In this phase, we performed:

- datatype standardization (converting object fields to numeric or string)
- timestamp parsing and normalization of DATE and HOUR
- removal of invalid or impossible values (e.g., negative AQI, unrealistic speeds)
- geospatial sanity checks on latitude and longitude
- string normalization (uppercase formatting, trimming whitespace)

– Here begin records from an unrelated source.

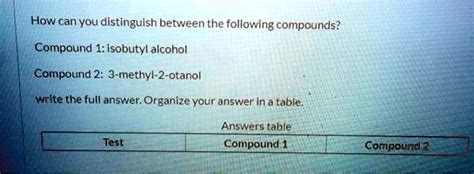 How Can You Distinguish Between The Following Compoun Solvedlib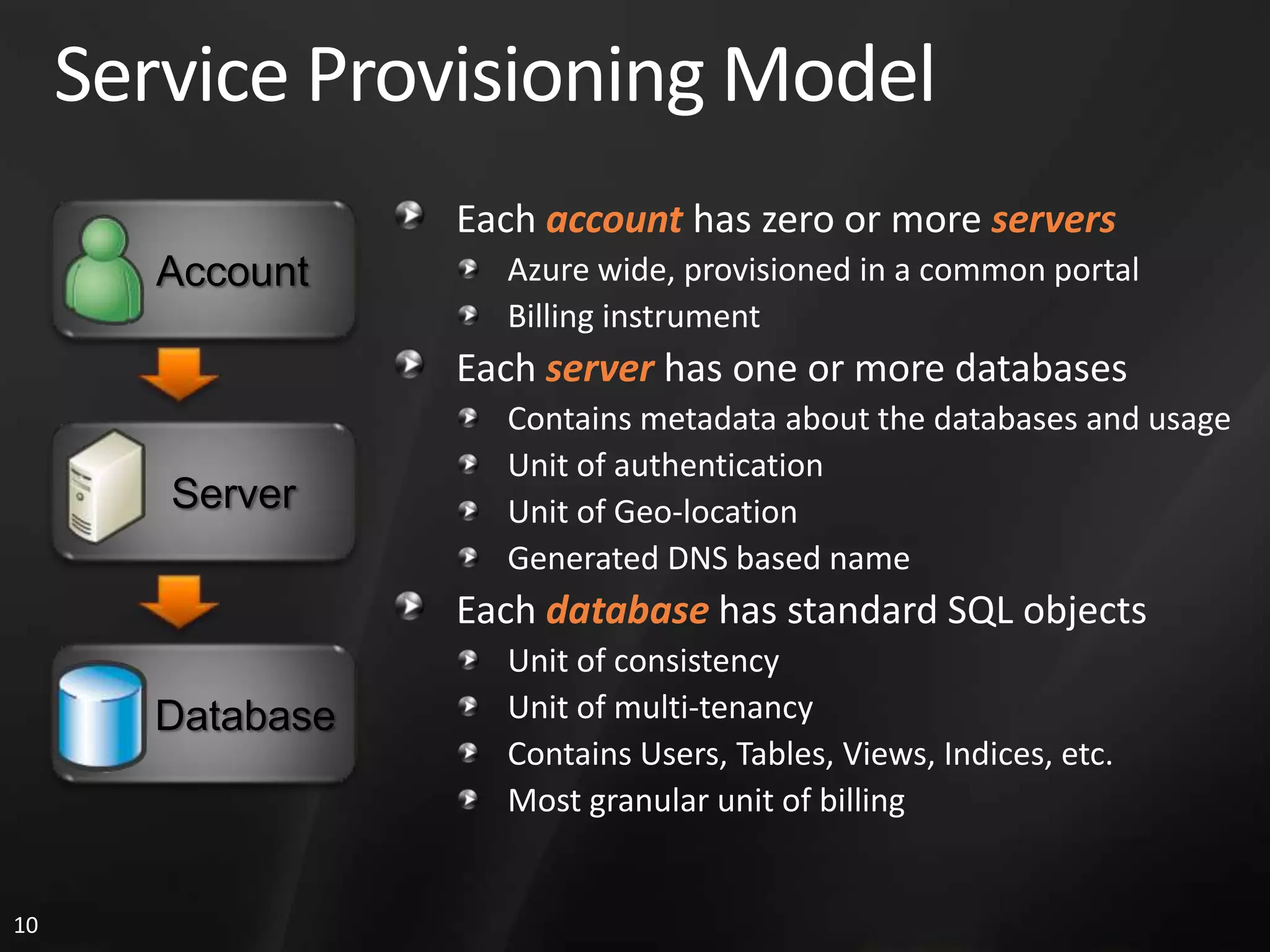 Service Provisioning Model Each account has zero or more servers Account Azure wide, provisioned in a common portal Billing instrument Each server has one or more databases Contains metadata about the databases and usage Unit of authentication Server Unit of Geo-location Generated DNS based name Each database has standard SQL objects Unit of consistency Database Unit of multi-tenancy Contains Users, Tables, Views, Indices, etc. Most granular unit of billing 10 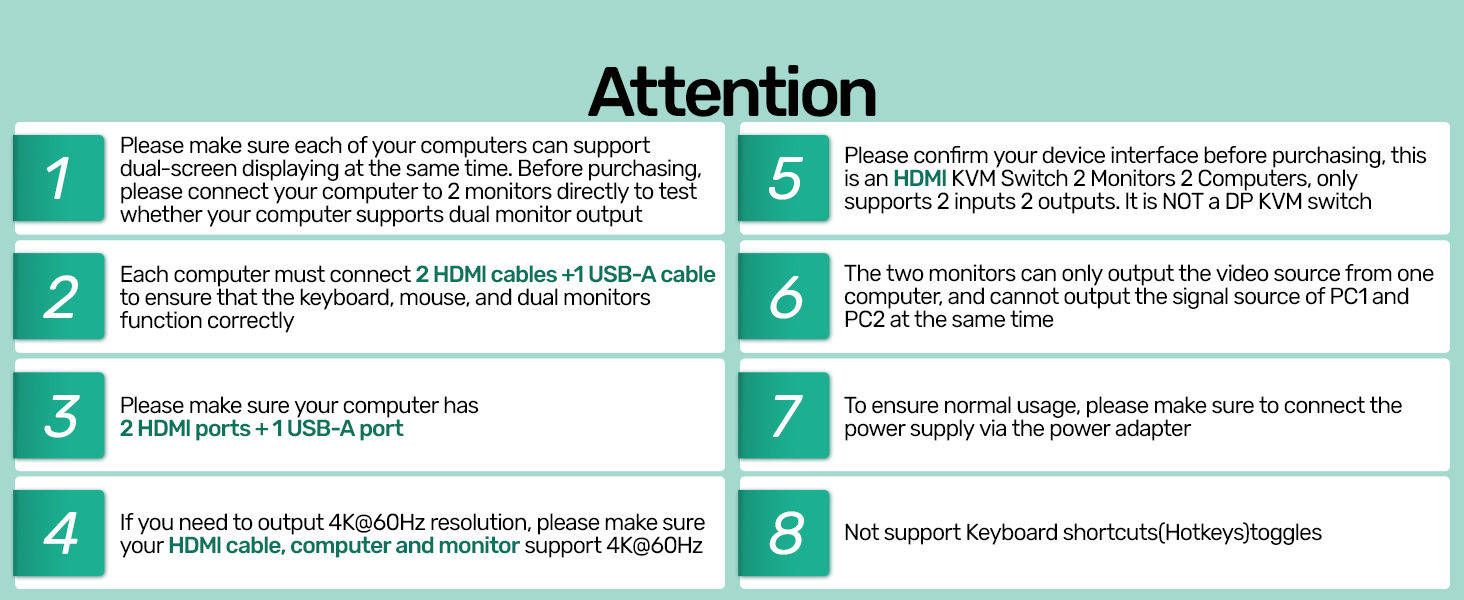 Please make sure that both "HDMI IN" and "USB IN" are all connected to work properly.
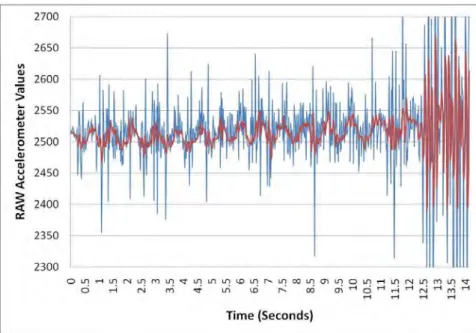 Figure 4.4: Accelerometer data, raw and filtered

- deduplication of segment-time records
- integration across the three datasets using consistent time-based keys

This processing layer is essential in the data lifecycle because analytics cannot begin until the data is clean, consistent, and integrated. Only after completing this stage can we move into descriptive analysis and exploratory work.